How should I diagnose acute sinusitis?
Acute sinusitis usually follows a common cold, and is defined as an increase in symptoms after 5 days, or persistence of symptoms beyond 10 days, but less than 12 weeks.

In adults:
Diagnose acute sinusitis by the presence of nasal blockage (obstruction/congestion) or discoloured nasal discharge (anterior/posterior nasal drip) with facial pain/pressure (or headache) and/or reduction (or loss) of the sense of smell.

Nasal blockage — usually bilateral and caused by rhinitis.
Facial pain/pressure — may be localized over the infected sinus, or it may affect teeth, the upper jaw, or other areas (such as the eye, side of face, forehead). Pain in the absence of other symptoms is unlikely to be sinusitis.

In children:
Diagnose acute sinusitis by the presence of nasal blockage (obstruction/congestion) or discoloured nasal discharge (anterior/posterior nasal drip) with facial pain/pressure (or headache) and/or cough (daytime and night-time).
Facial pain is less prevalent in children.
There may also be ear discomfort (Eustachian tube blockage).


Suspect acute bacterial sinusitis when at least three of the following features are present:

Discoloured or purulent discharge (with unilateral predominance).
Severe local pain (with unilateral predominance).
A fever greater than 38°C.
A marked deterioration after an initial milder form of the illness (so-called 'double-sickening').
Elevated ESR/CRP (although the practicality of this criterion is limited).

Examination:
Inspect and palpate the maxillofacial area to elicit swelling and tenderness.
Perform anterior rhinoscopy (using the largest speculum of an otoscope, or a head light and nasal speculum) to identify:
Signs which support a diagnosis of acute sinusitis such as nasal inflammation, mucosal oedema, and mucopurulent nasal discharge.
Associated pathology such as nasal polyps, or anatomical abnormalities such as septal deviation.
Polyps can be distinguished from the inferior turbinate by their lack of sensitivity to painful stimuli, their yellow-grey colour, and the fact that they can be compressed with a cotton wool bud. Usually, only significant polyposis is detectable in primary care.

Evidence of other conditions which present with similar signs and symptoms to acute sinusitis, such as a nasal foreign body or a sinonasal tumour.
If signs and symptoms are not typical of sinusitis, rule out an alternative diagnosis.

Differential diagnosis

Other conditions presenting with similar signs and symptoms to acute sinusitis include:
Allergic rhinitis — usually restricted to nasal symptoms. Consider this especially if symptoms have not directly followed an upper respiratory tract infection or are persistent.

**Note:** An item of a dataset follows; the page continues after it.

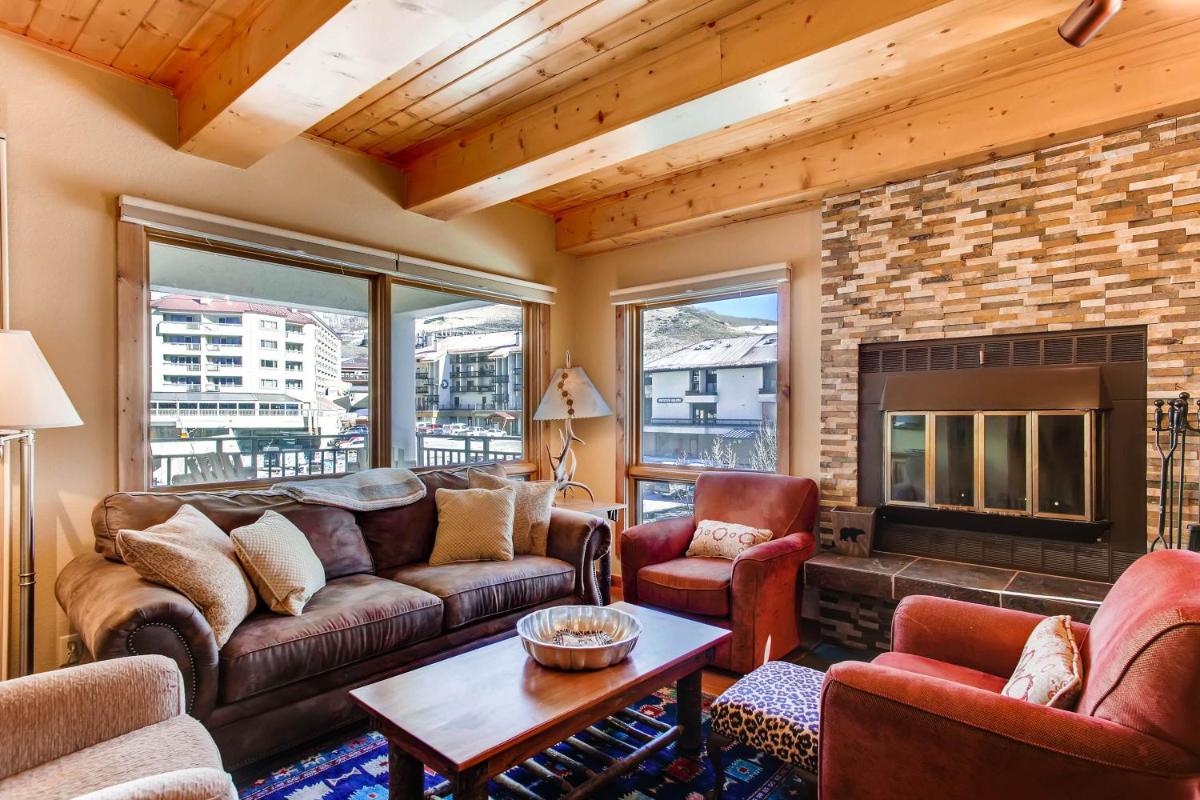 Recently Remodeled 2 Br Condo Condo - main image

Nasal foreign body — typically causes a unilateral mucopurulent discharge or blockage (more common in children).

Adenoiditis and tonsillitis (particularly in children) — causes nasal blockage, breathing through the mouth, nasal speech, and snoring.

Sinonasal tumour — suspect particularly if there are persistent unilateral symptoms, such as bloodstained discharge, crusting, nasal obstruction, non-tender facial pain, facial swelling, or unilateral nasal polyps. Refer urgently to an Ear, Nose, and Throat (ENT) specialist.

Other causes of facial pain or headache include:

Tension-type headache may present with bilateral symptoms of pressure but with no other nasal symptoms.
Temporomandibular joint dysfunction, or habitual teeth clenching.
Neuropathic or atypical facial pain.
Dental pain (typically, pain made worse by hot and cold drinks, or by chewing).

Management to follow.

G Mohan.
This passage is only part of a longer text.